New Jersey is now in the top 20 nationwide for ensuring that more low-income students start their school day with a healthy morning meal, giving them the nutrition they need to concentrate and learn, according to a national report released today.
The Food Research and Action Center’s (FRAC) School Breakfast Scorecard found that New Jersey’s participation rate increased 6 percent, pushing it to 19th place. The report stated nearly 59 percent of low-income students who ate lunch at school also received breakfast in 2015-16.
New Jersey ranked 23rd last year and 46th in 2011, before the launch of the NJ Food for Thought Campaign, which has been credited with fueling the increase in school breakfast participation.
Also, Jersey City ranked 2nd, and Newark was 5th nationwide for their high student participation rates, according to FRAC’s School Breakfast – Making it Work in Large School Districts.
“This is great news for New Jersey students,” said Cecilia Zalkind, President/CEO of Advocates for Children of New Jersey, a leader of the NJ Food for Thought School Breakfast Campaign. “Without proper nutrition, children struggle in school. We continue to encourage more schools to adopt this very do-able solution to combating childhood hunger.’’

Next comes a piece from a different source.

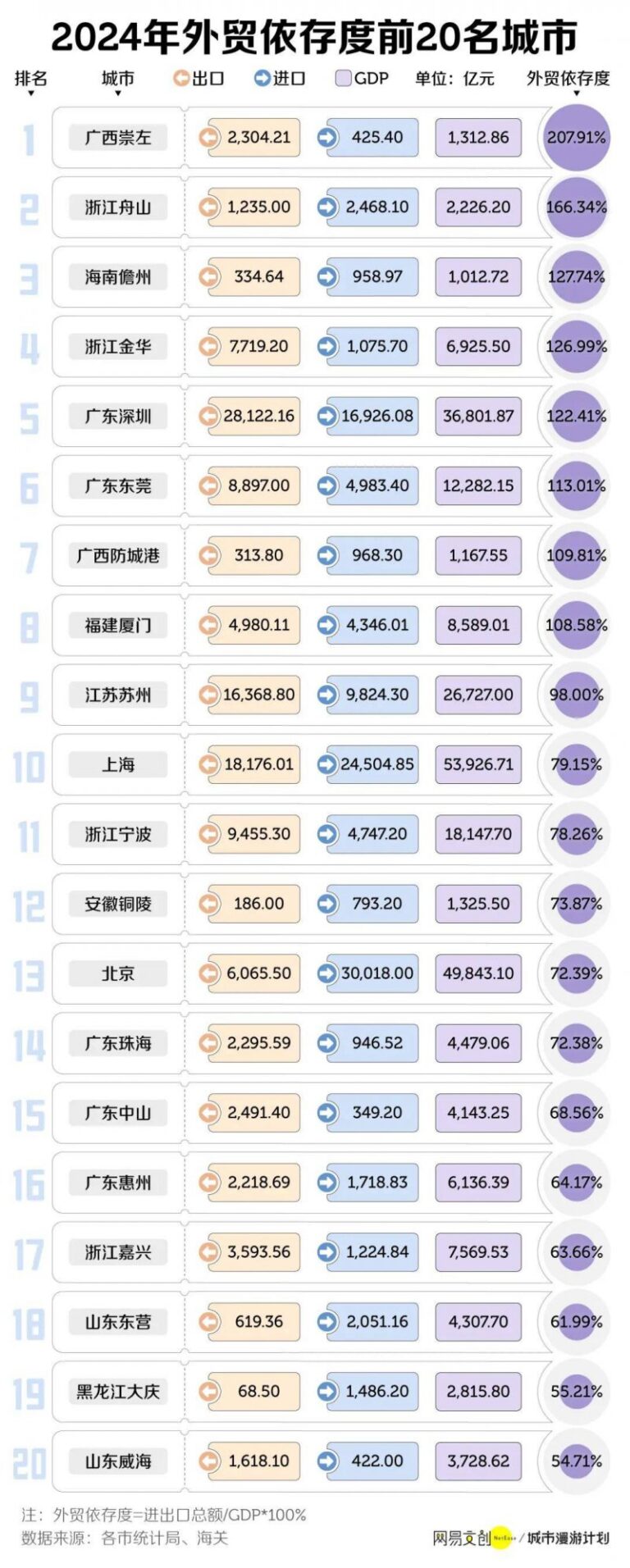 养老变享老　数字适老开启“银发友好”新时代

Adele LaTourette, director of the New Jersey Anti-Hunger Coalition and campaign co-chair, credited the rise with more schools serving breakfast during the first few minutes of the school day. Known as Breakfast After the Bell, this approach significantly increases student participation in this federally-funded child nutrition program. Previously, most schools served breakfast before school when most children had not yet arrived.
“This continued success shows that breakfast after the bell should be part of the morning routine in schools across New Jersey,” LaTourette said. “This year, we will continue to work with districts to bring breakfast after the bell to more schools, especially high schools where participation remains relatively low.’’
The campaign is a partnership among New Jersey anti-hunger, education and health organizations such as New Jersey Partnership for Healthy Kids. Partners also include state agencies, such as the New Jersey Department of Agriculture, and some advocacy groups. The Food Research Action Center and the American Dairy Association Northeast are the campaign’s national partners.